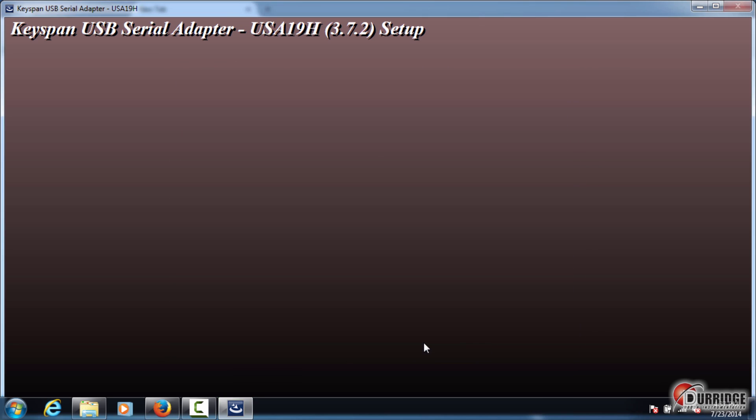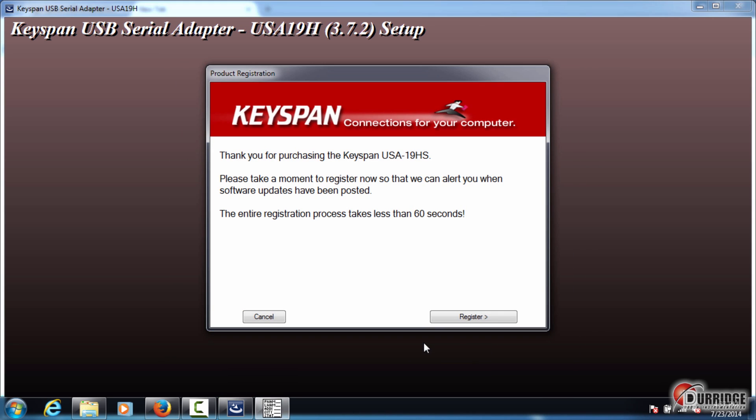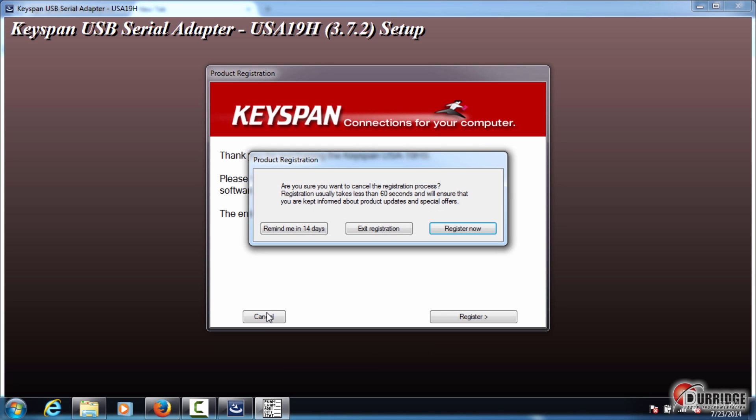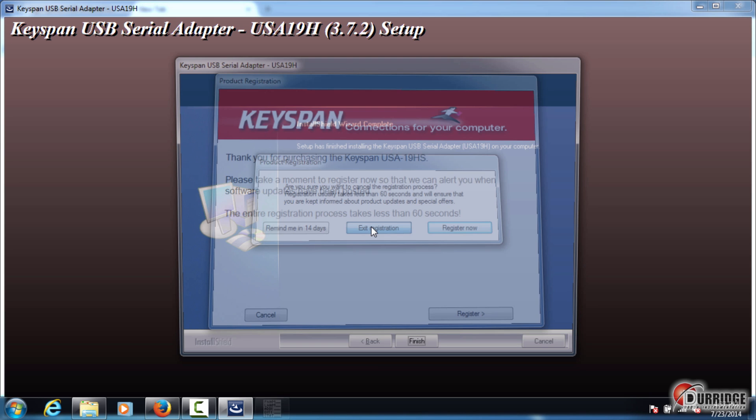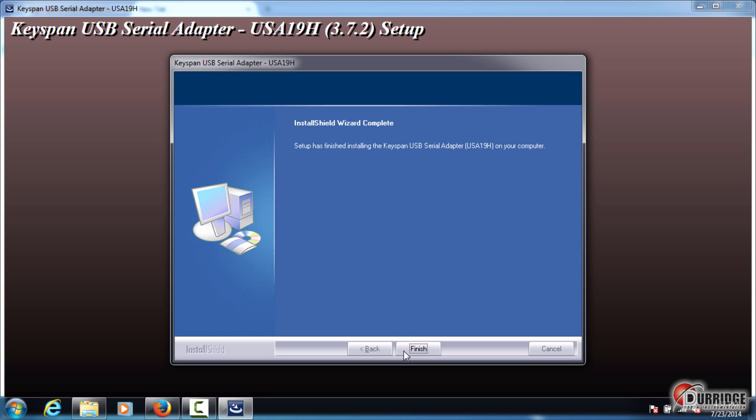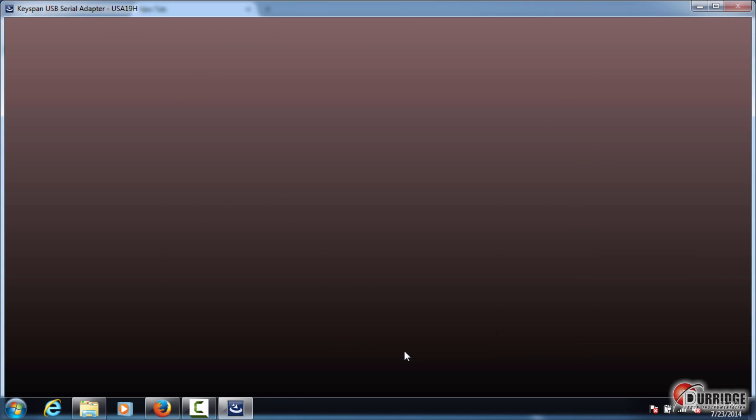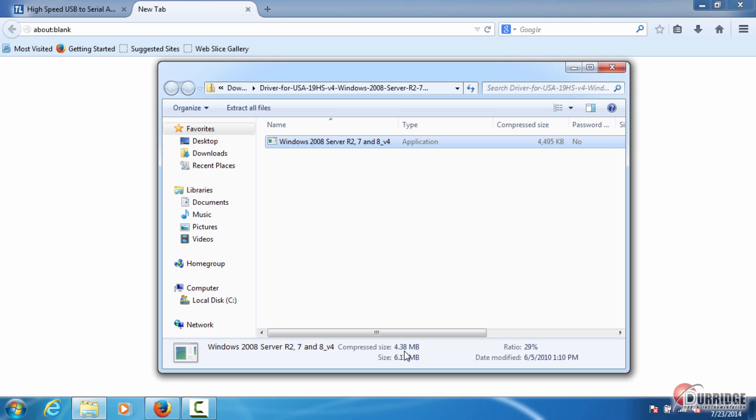A prompt for registration appears. Click Cancel, and then click Exit Registration. Click Finish. You have successfully installed the device driver for your Keyspan serial adapter.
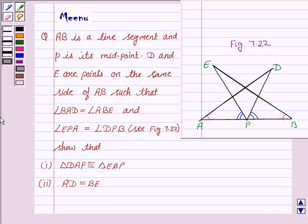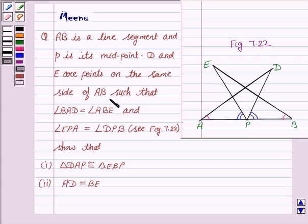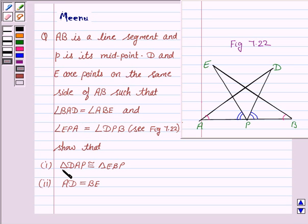Hi and welcome to the session. Let's discuss the following question. AB is a line segment and P is its midpoint. D and E are points on the same side of AB such that angle BAD is equal to angle ABE and angle EPA is equal to angle DPB. Show that triangle DAP is congruent to triangle EPB and AD is equal to BE.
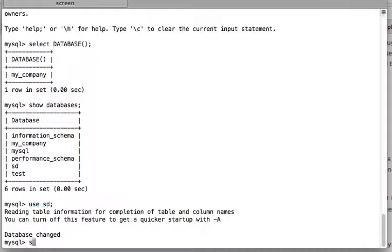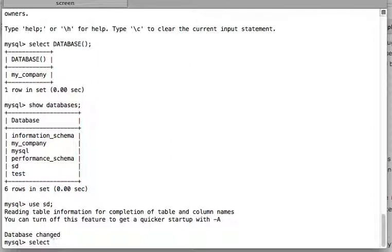a very simple command. I will write SELECT. SELECT in MySQL is kind of printing - whatever follows SELECT will be the values that will be printed. So I will write SELECT and then this MySQL command DATABASE().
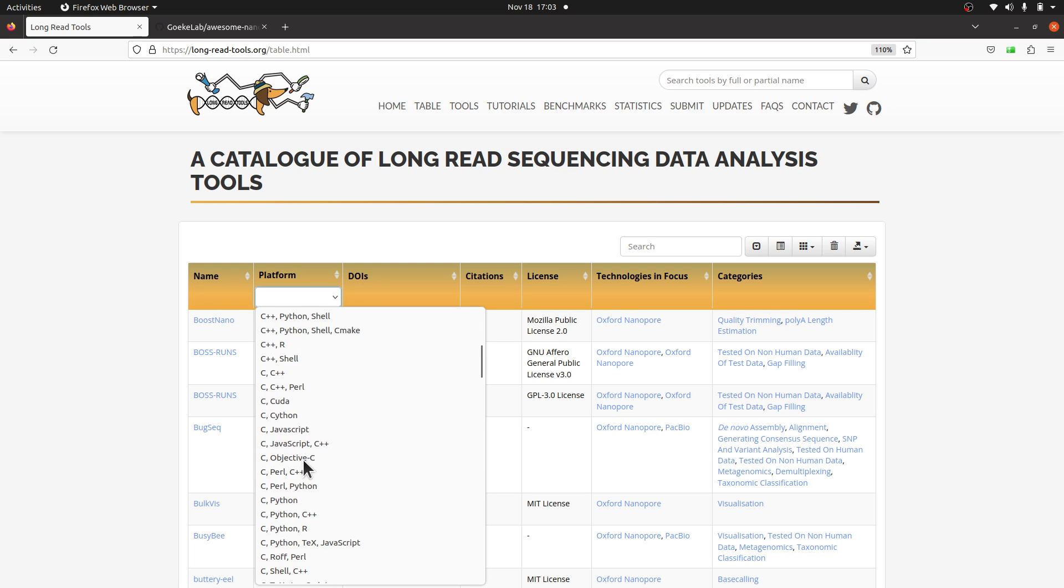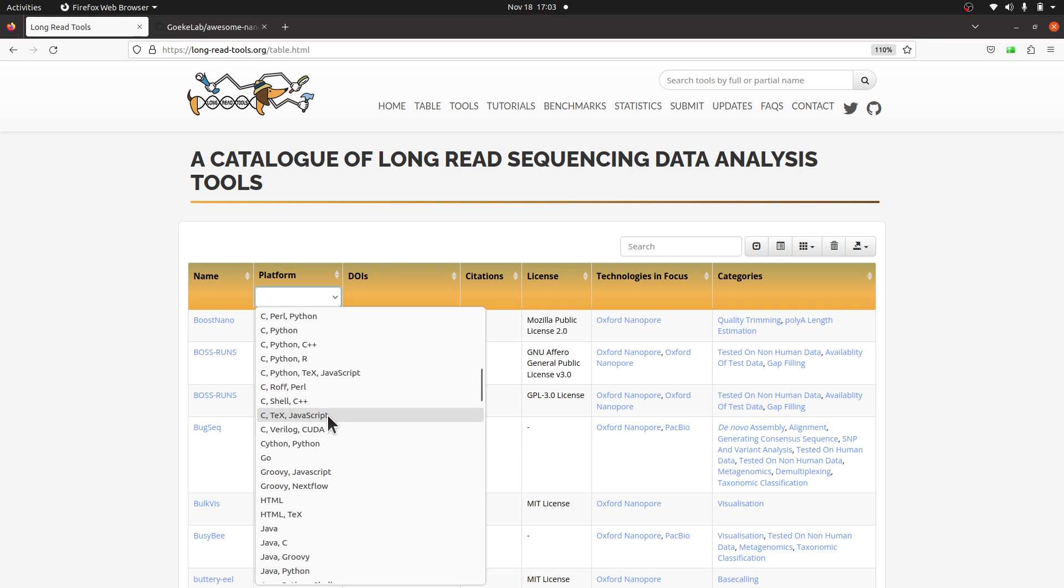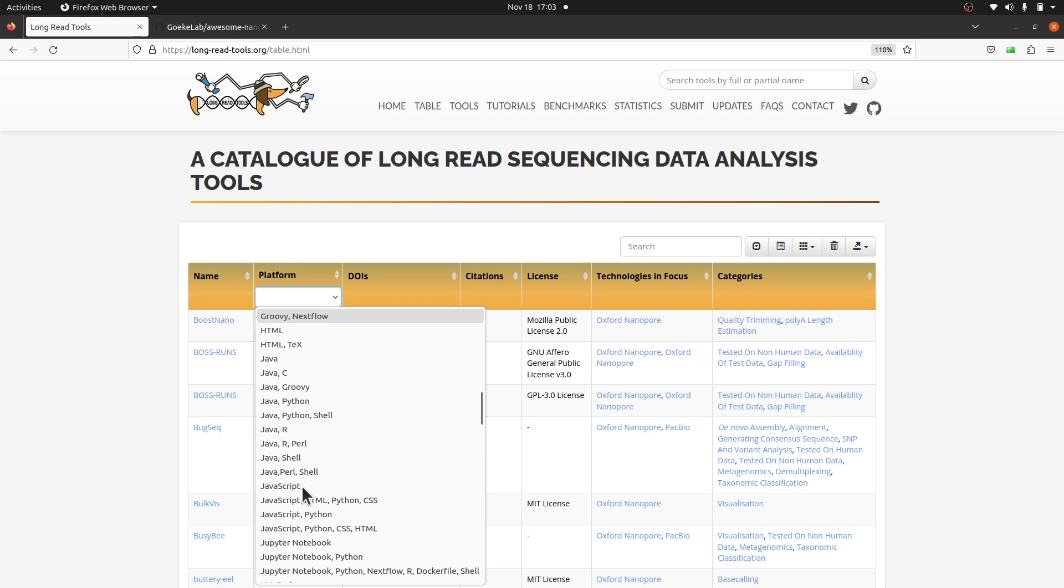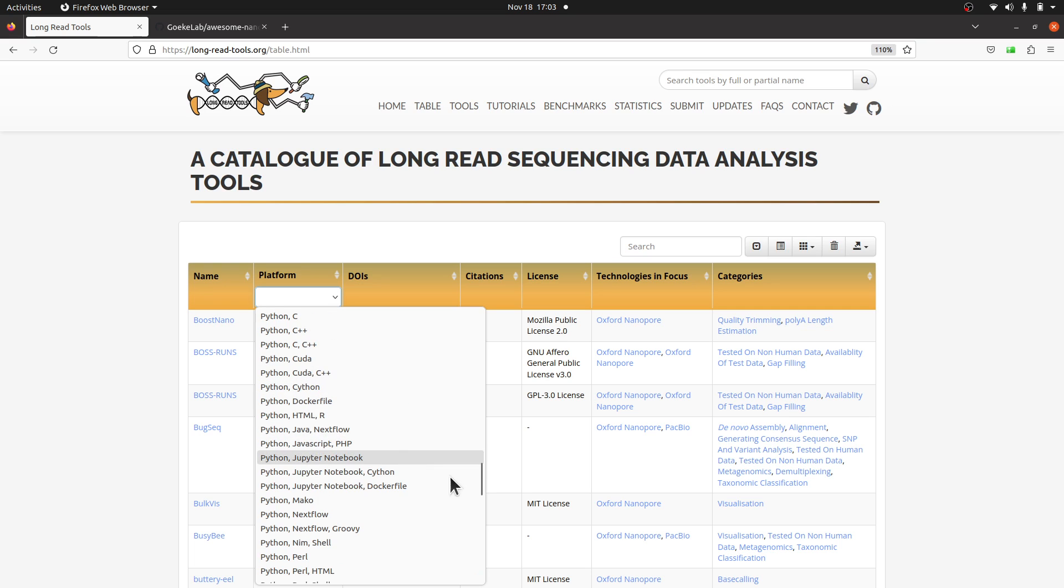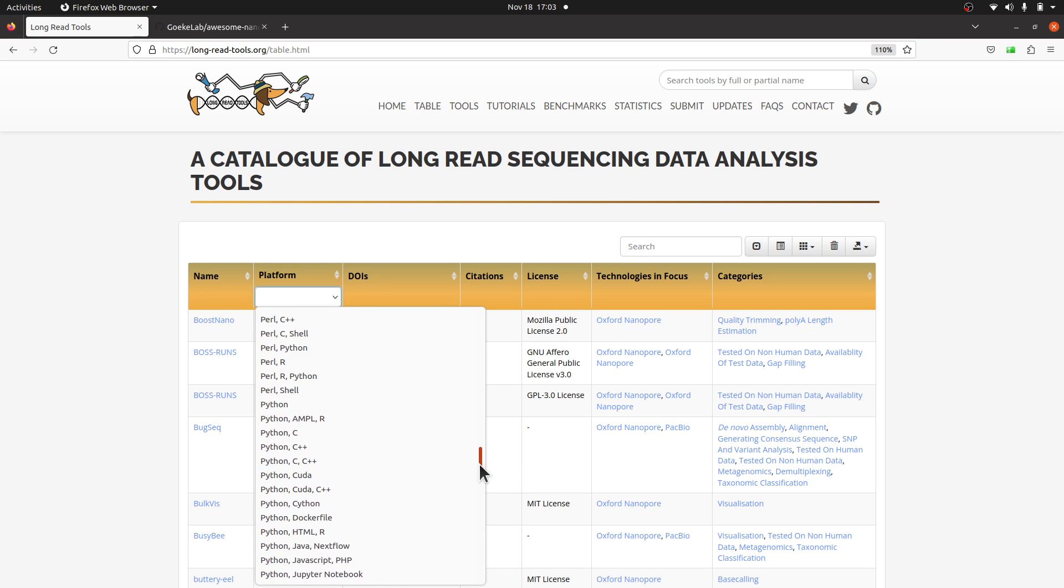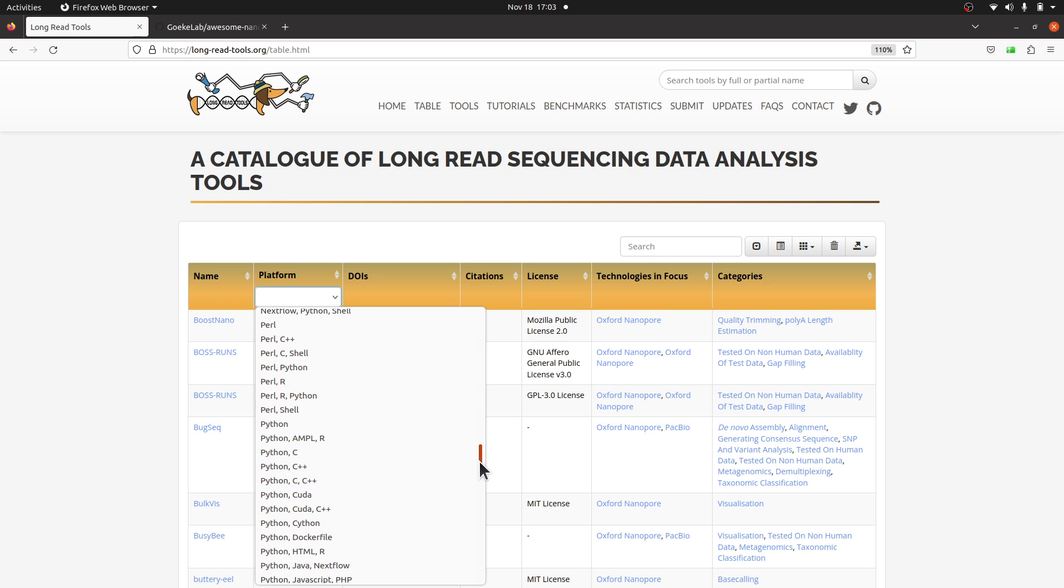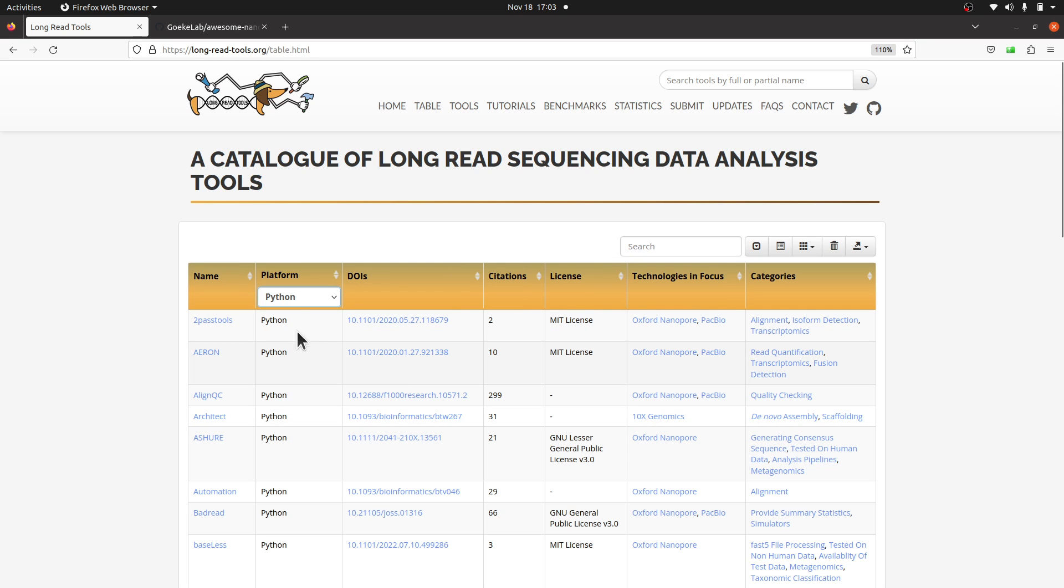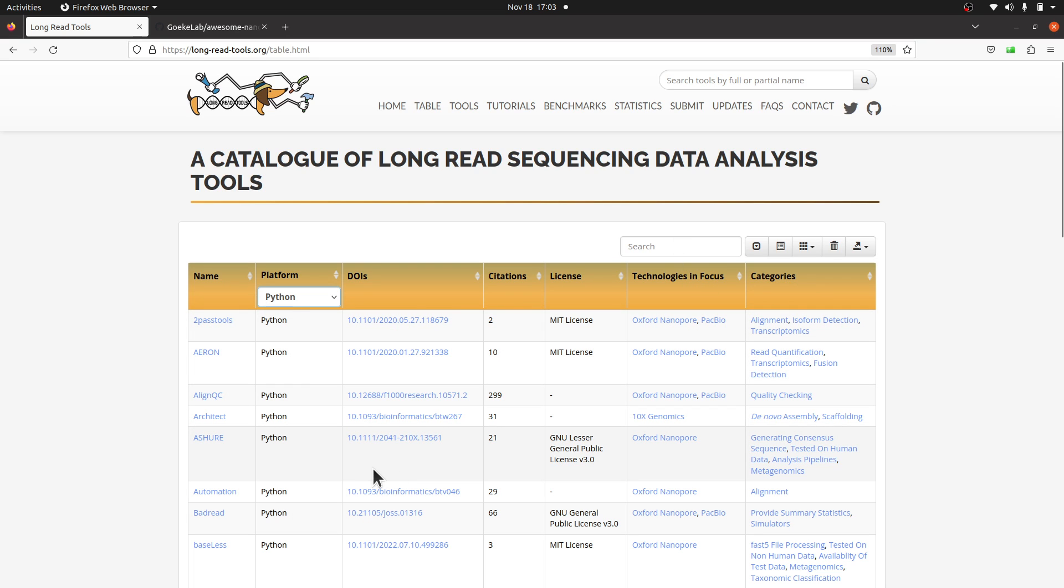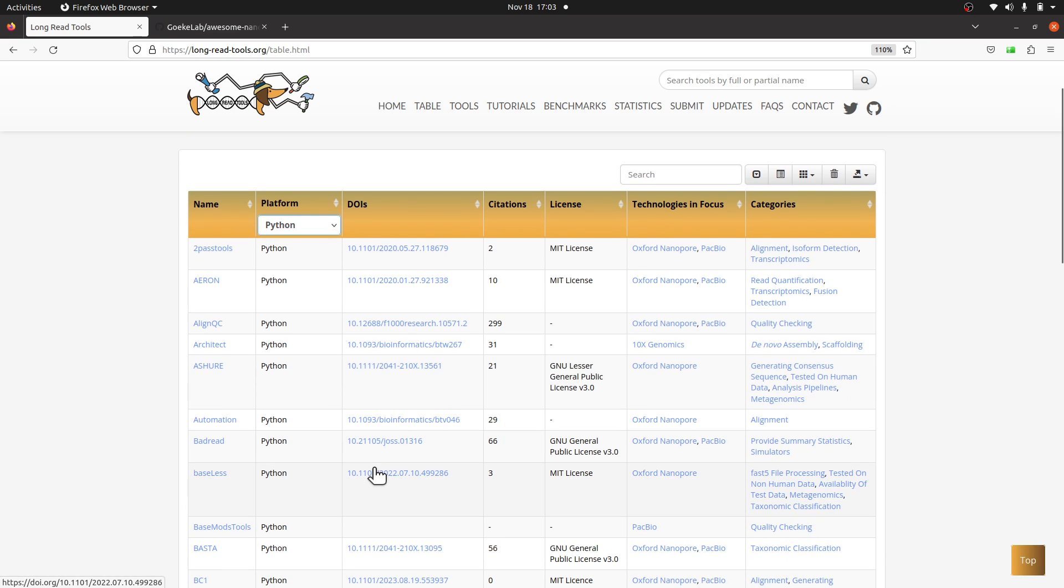Let's say we want a tool that was developed using Python or that uses Python to perform stats—just Python alone. Let's just check. When you click it, then you'll find all tools that were developed with Python or tools that probably require Python to run. And then you can check the categories, technologies in focus, etc. So this will help you filter or narrow down to tools that will suit your needs.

_Your assignment_
From the first line above to the line containing "Hi and welcome", repeat each line exactly. Pictures stay out.

_Exercise solution_
A prompt for registration appears. Click Cancel, and then click Exit Registration. Click Finish. You have successfully installed the device driver for your Keyspan serial adapter.
Hi and welcome to the session. Let's discuss the following question. AB is a line segment and P is its midpoint. D and E are points on the same side of AB such that angle BAD is equal to angle ABE and angle EPA is equal to angle DPB. Show that triangle DAP is congruent to triangle EPB and AD is equal to BE.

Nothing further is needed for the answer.